● TASK GOAL: Reproduce precisely the lines of the material below from the line containing "音乐人亚西，一首歌唱响一座城(图5)" up to and including its last line. Pictures must not be copied.

● DATA EXCERPT:
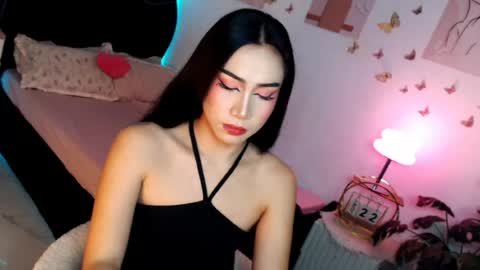 Snapshot of seductive_vana chatting on 06.21.26 Vanessa online show from 06.21.26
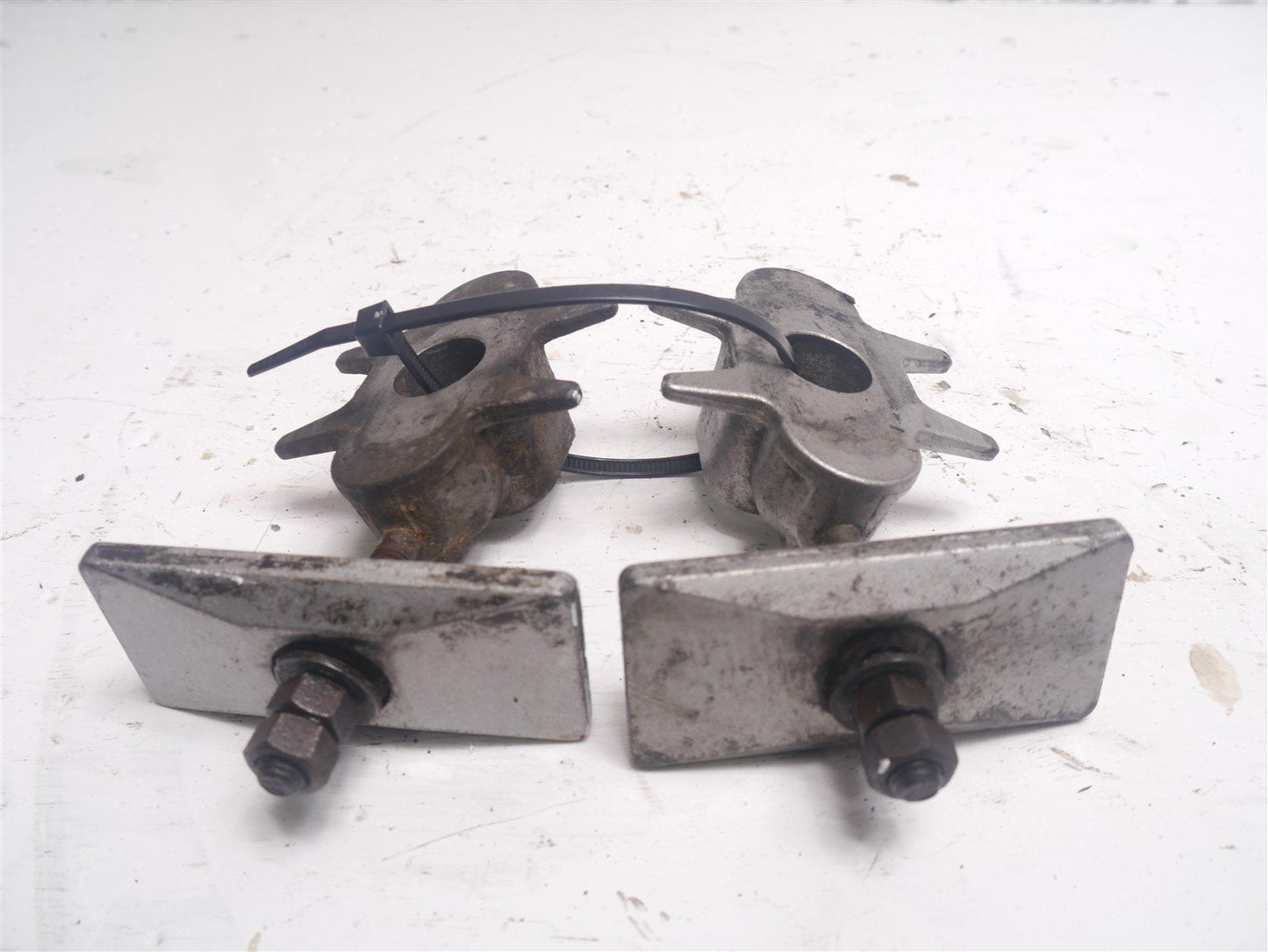 YAMAHA FZS600 1998-2001 DRIVE CHAIN TENSIONERS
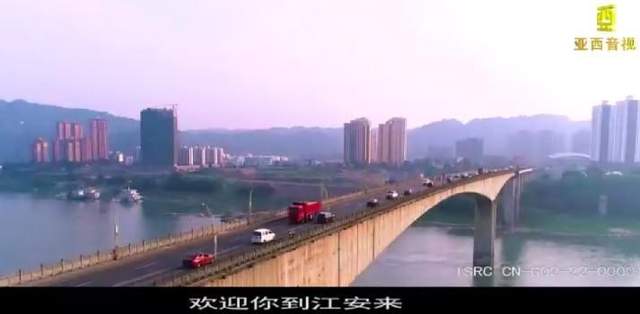音乐人亚西，一首歌唱响一座城(图5)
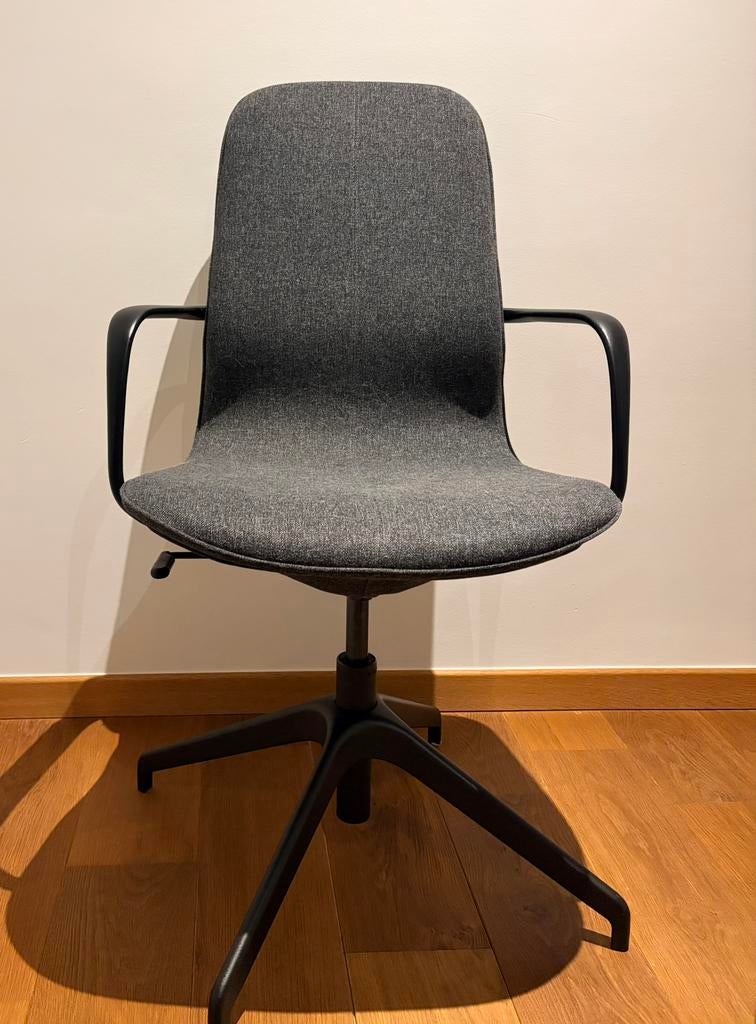 Bureaustoel met armleuning-donkergrijs/zwart-Ikea-Längfjäl, Ophalen, Zo goed als nieuw, Zwart, Bureaustoel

● TASK RESULT:
音乐人亚西，一首歌唱响一座城(图5)
 Bureaustoel met armleuning-donkergrijs/zwart-Ikea-Längfjäl, Ophalen, Zo goed als nieuw, Zwart, Bureaustoel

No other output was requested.